I may not fear short skirts, competition, public speaking or public drunkenness, saying how I REALLY feel, admitting mistakes, falling off the bar or karaoke. But ghosts? Just.. Plain. Frightening.

On our recent trip to North Carolina I forced my sister and son to hear countless episodes of my favorite radio program This American Life. One episode, titled Fake Science, featured a story on amateur ghost hunters as well as audio of what they claimed were ghostly voices. In the back of my mind the bell of probable indecency rang being that I had a six-year-old in the car, but, really, I thought, Are you ever too young to be terrified? I have this horrible habit of considering my son adult-like, like me, forgetting that I myself am not much tougher than any average, dopey little girl.

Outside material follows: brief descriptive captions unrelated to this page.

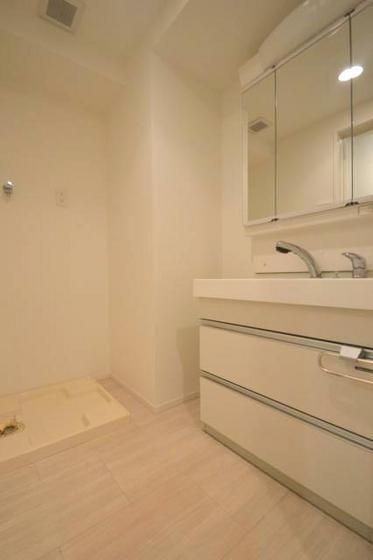 �y���ʏ��z�@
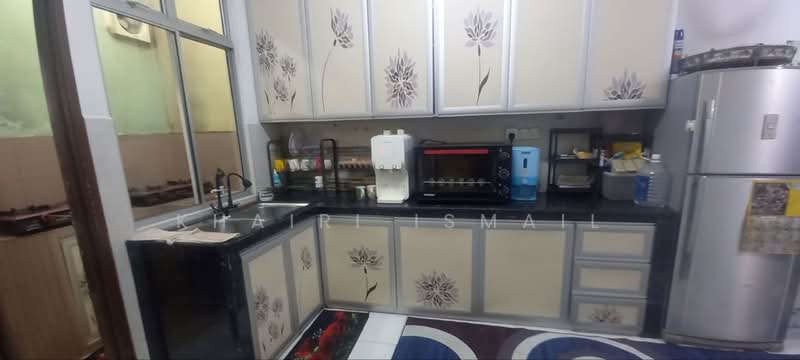 1-storey Terraced House for Sale in Bukit Indah 2 (Iskandar Puteri (Nusajaya)) - Khairi Ismail - Kitchen - PropertyGuru.com.my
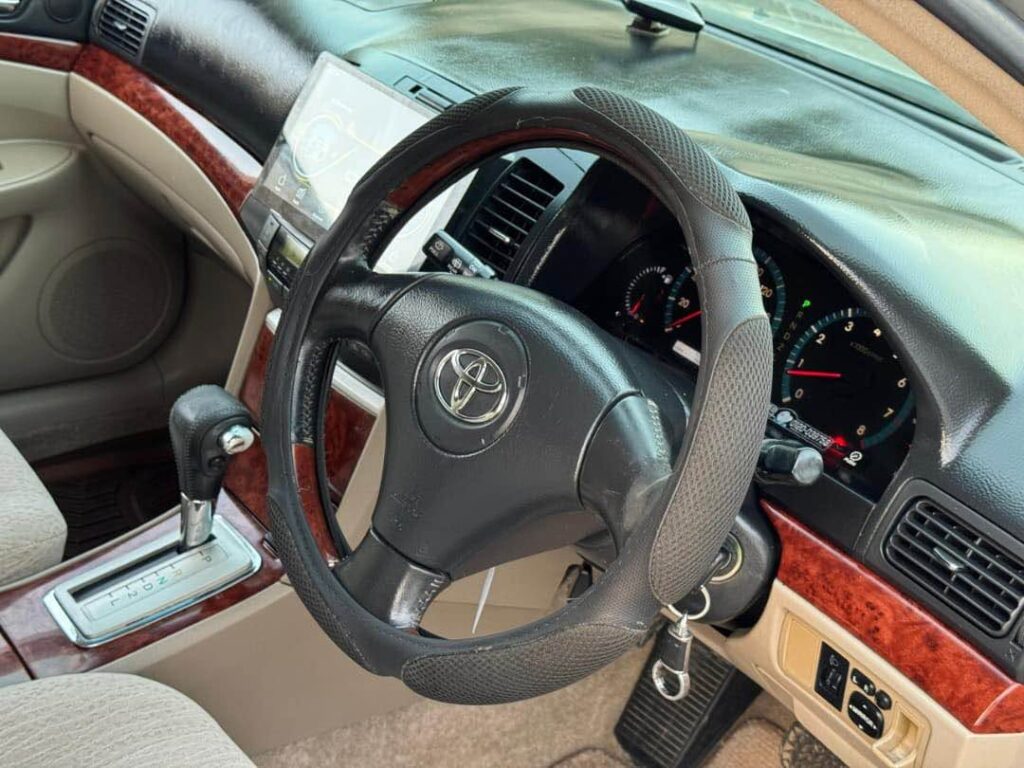 Price Toyota Premio 2004 for Sale in Dar es Salaam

For the entire duration of the program I reconfirmed with my son that he was not scared. No, he said, and asked even that I replay the audio. Here is when it’s a good thing that world leaders don’t call on me in times of national crises, because if my answer isn’t, “Fuck it! Let’s drink!” my default resolution is going to be, “Paralyzing fear is no excuse!” In other words: Despite anyone else’s presence, I can’t resist anything that interests me.

So we listened and discussed and reached our own unworldly conclusions. Then, so I thought, we dropped it.

My son instantly changed in the dark. That night he cowered at shadows and harbored tears of terror in the corners of his eyes which skewed his perceptions and caused him not to leave my side. Finally I told him it was time to take a shower. In the storm of refusal that set in, my son screamed, cried, even clawed his way out of the shower and gripped me with the finality of rigor mortis. “Please don’t leave me,” he begged, screaming. “Pleeeeeease!!!” My initial anger was broken by his desperate action. As I held my son in all his vulnerability, my heart broke, and, still holding him, I stepped into the shower. I was fully clothed: jeans, tennis shoes, t shirt, hat even. I stood with him for(what seemed like)ever, reassuring him over and over and over that “There are NO such things as ghosts,” and in that very breath seeing my arms full of goosebumps and resisting the urge to look over my shoulder to perhaps see some phantasmal figure shaking its head at my hypocrisy.

How is it, I questioned myself, that I got here like this? What course of action ultimately led me to be standing fully clothed in a shower, washing a crying six year old, claiming that the very thing I am ultimately, completely, and unequivocally afraid of does not, in any way, exist?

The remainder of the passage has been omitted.